- _YOUR OBJECTIVE_
The data below should be transcribed in full, with no picture included.
[Opening RECORDED INFORMATION section]
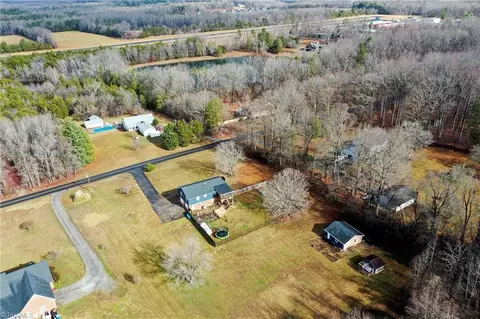 View/Area - 399 Comanche Dr, Advance, NC 27006 photo 2 of 7
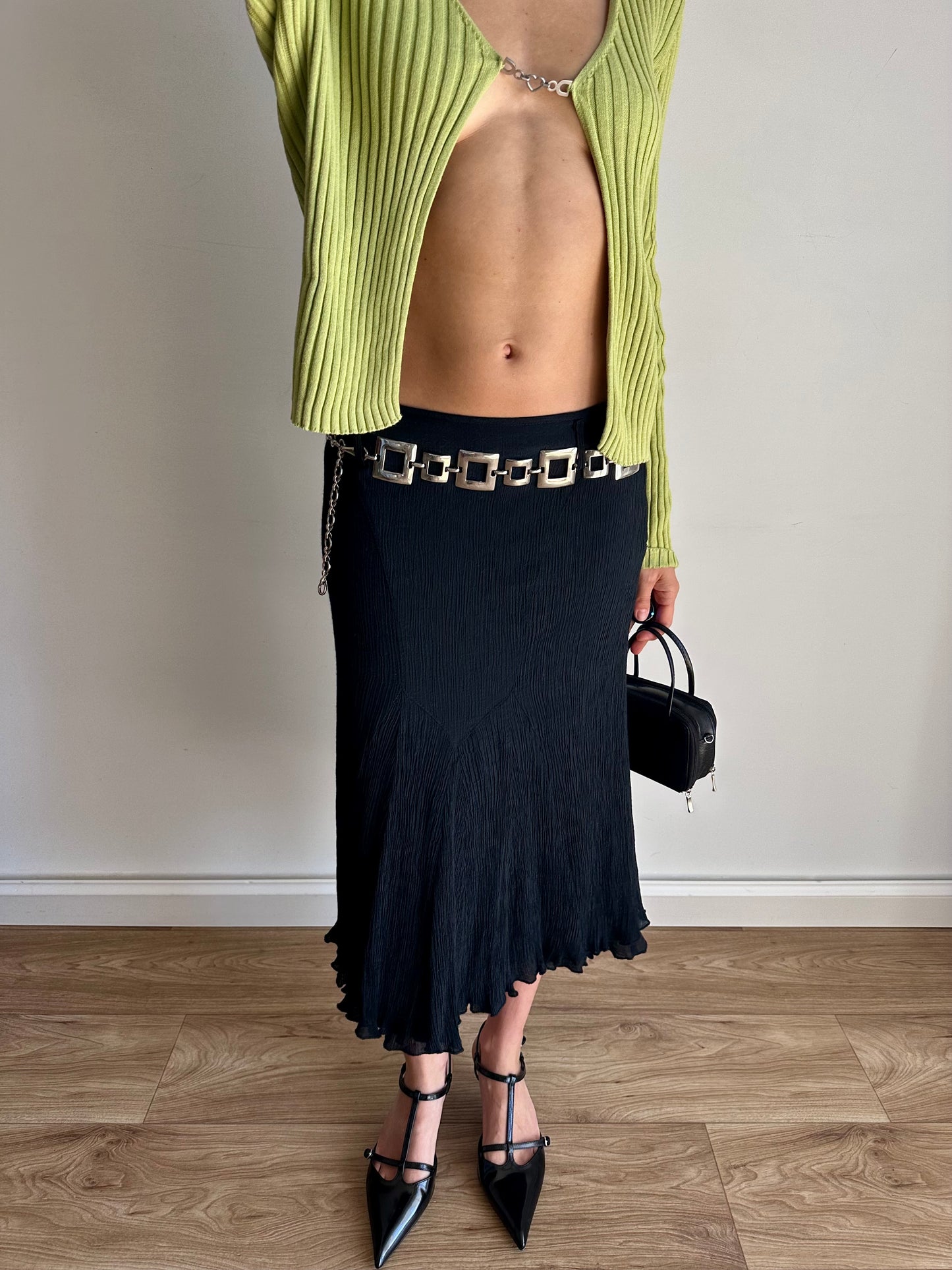 Frilled black skirt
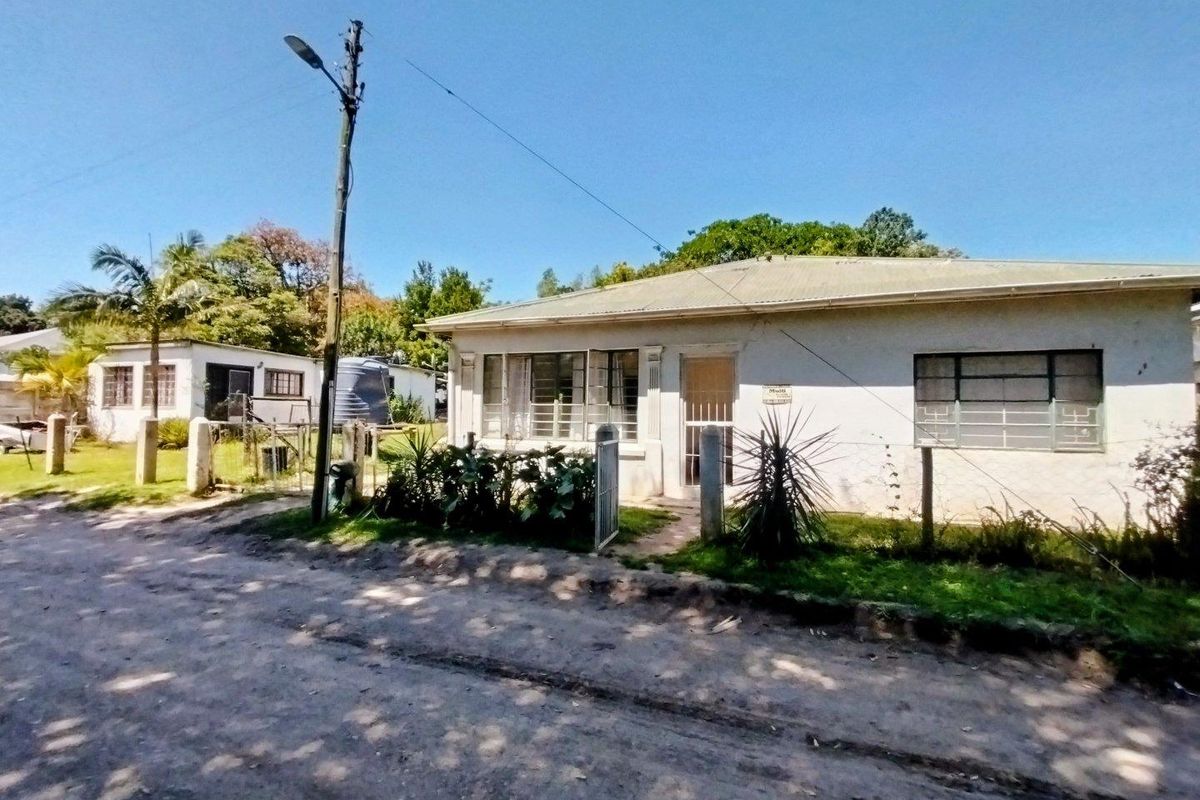 LOTS OF POTENTIAL - Photo 3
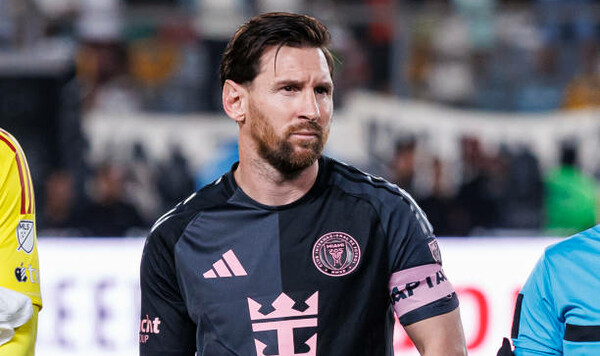 «Увидимся на ринге». Месси бросили вызов и пригласили на поединок Логан, Месси, Лионелю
[Closing RECORDED INFORMATION section]
- _OUTPUT FOR THIS EXERCISE_
 View/Area - 399 Comanche Dr, Advance, NC 27006 photo 2 of 7
 Frilled black skirt
 LOTS OF POTENTIAL - Photo 3
 «Увидимся на ринге». Месси бросили вызов и пригласили на поединок Логан, Месси, Лионелю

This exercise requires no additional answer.